Em representação apresentada ao Ministério Público do Estado de São Paulo, o ex-assessor Alexandre de Andrade Junqueira diz que quando trabalhou no gabinete de Diniz “ a prática de ‘rachadinha’ era comum entre os funcionários do gabinete. “Ali havia também funcionária fantasma, porque não trabalhava e só assinava o ponto e devolvia dinheiro para o deputado”, diz o ex-assessor. “Essa funcionária, amiga do deputado há mais ou menos doze anos, recebe em troca apenas o cartão alimentação (Sodexo) e aproximadamente R$ 1,5 mil por emprestar seu nome para o desconto do salário. Presenciei por várias vezes a circulação de dinheiro em espécie e o pagamento de diversas contas particulares com esse dinheiro oriundo de ‘rachadinha’”, afirma, em referência à prática de dar parte do salário ao parlamentar.

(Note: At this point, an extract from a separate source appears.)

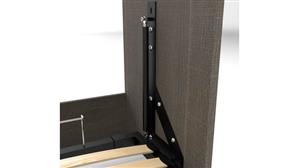 Murphy Beds - Full Bestar Office Furniture 119in W  Full Murphy Bed with 2 Closet Organizers with Drawers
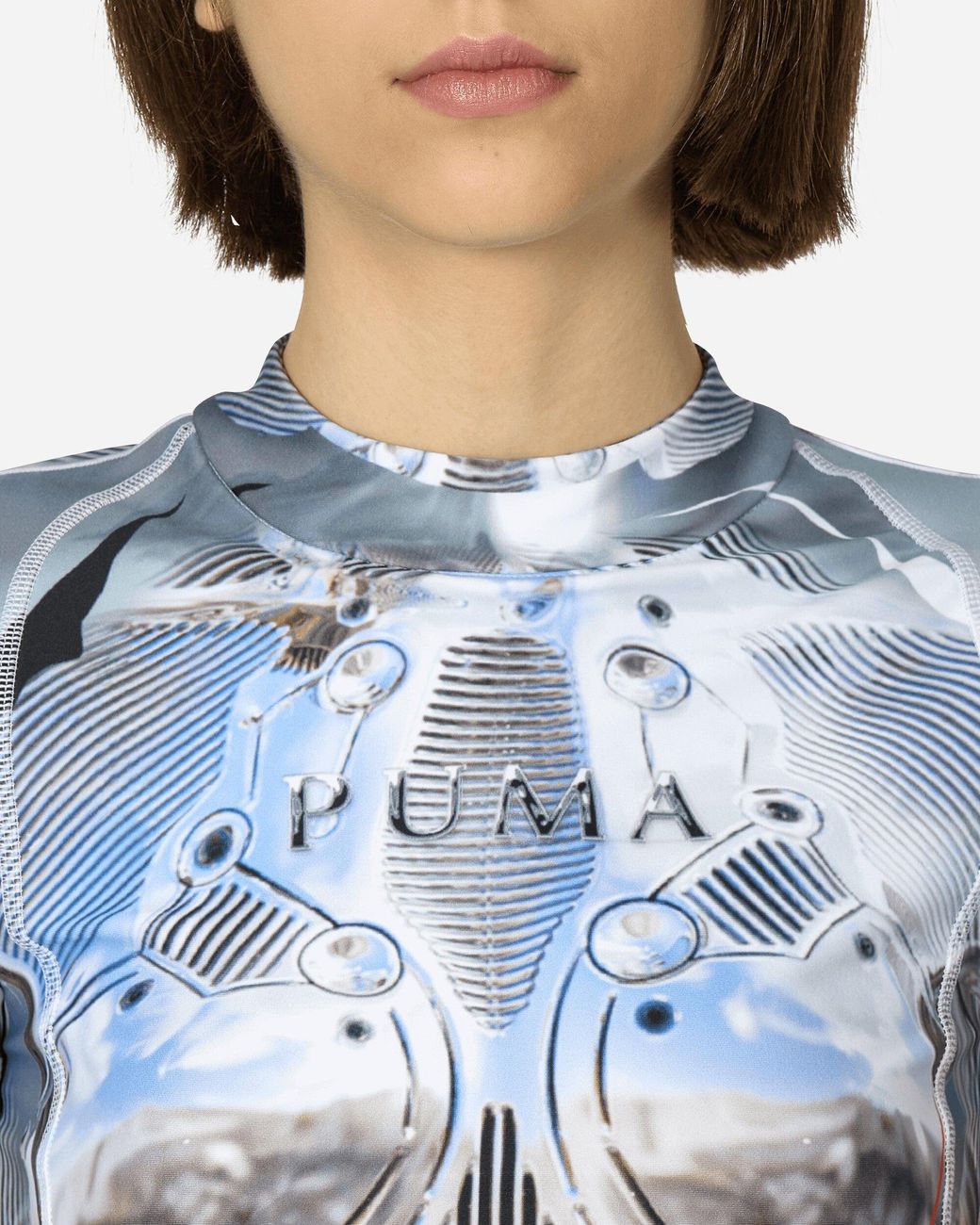 OTTOLINGER Puma Slim Top Club in Gray | Lyst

O ex-assessor diz que seu vínculo com Diniz começou durante a campanha eleitoral, e que depois assumiu o cargo no gabinete do parlamentar. “Mas, logo no início, pediram para que eu devolvesse parte do meu salário e principalmente as gratificações que só foram incorporadas ao meu salário para que eu as devolvesse para o deputado”. Junqueira diz que as gratificações são sacadas em dinheiro “para pagamento dos apoiadores” do deputado. O ex-assessor diz, que diante sua recusa em dar parte de seu salário, foi ameaçado a ter um rebaixamento de função e proibido de entrar no gabinete.

No site da Assembleia, Junqueira aparece como ex-assessor do gabinete de Diniz e trabalhou entre 18 de março e 01 de agosto. O Ministério Público do Estado de São Paulo disse que a representação ainda sendo analisada na assessoria técnica da Procuradoria-Geral de Justiça.

Diniz foi procurado pelo Valor, mas não atendeu aos pedidos de entrevista.